Certainly, it was with the deepest regret that I declined the invitation in the beginning. I did so only because it was impossible for me to take on any additional engagements during my visit to Detroit. The Detroit Council of Churches had planned a schedule for me which kept me busy, too busy, every hour in the day.
On Tuesday evening, the evening that you wanted me to appear, I had a speaking commitment at the Highland Park Presbyterian Church after which I had to attend a reception at the Statler Hotel. Every evening was spent speaking at a different church. As you know, I had to speak at Central Methodist Church every day at noon.
Between this period, I was either appearing at luncheon or dinner groups or making tape recordings for broadcasts. Along with all of this, I attempted to get some writing done on my book which, by the way, the publishers are demanding by the middle of April.
Because of the pressing responsibility of this book, I find it necessary to limit my engagements in almost every city I visit. These are only some of the reasons I found it impossible to accept your invitation. I do hope you will understand that my non-acceptance was not due to a lack of interest, but to the tremendous pressures of an overcrowded schedule.
My physician has insisted that I slow down or face the tragedy of a physical break down. There are ever so many things that I would like to do, that I would enjoy doing, such as being with you on your Freedom Fund program, but they are physically impossible.
Please express my deepest regrets to the other members of your committee who so graciously joined you in extending the invitation. I do hope that it will be possible to serve you at another time.
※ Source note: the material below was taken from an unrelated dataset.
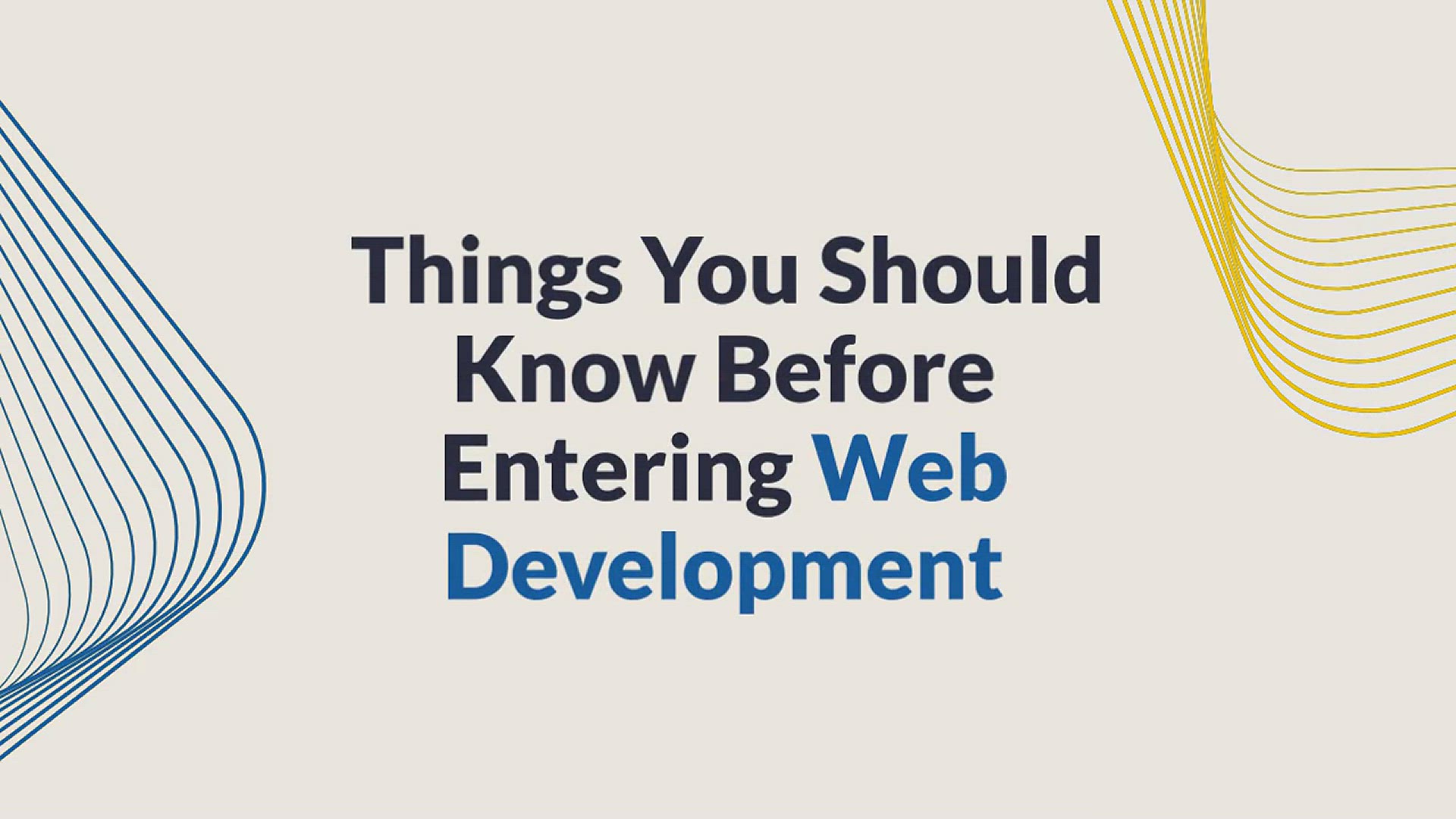 'Video thumbnail for 13 Things You Should Know Before Entering Web Development'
Let me commend you for the great work you are doing with the Detroit branch. I am always happy when I hear of your success. You are doing a job, not only for Detroit and the Negro, but for the whole of American democracy. You have my prayers and best wishes for continued success in all of your endeavors.
Martin Luther King, Jr.
1. Arthur Lyman Johnson (1925-), a native of Americus, Georgia, and a college classmate of King’s, earned his B.A. (1948) from Morehouse and his M.A. (1949) from Atlanta University. While working for the U.S. Department of Health in Detroit, he joined the local branch of the NAACP and served as its executive secretary from 1950 to 1964.
MLKP-MBU, Martin Luther King, Jr., Papers, 1954-1968, Boston University, Boston, Mass.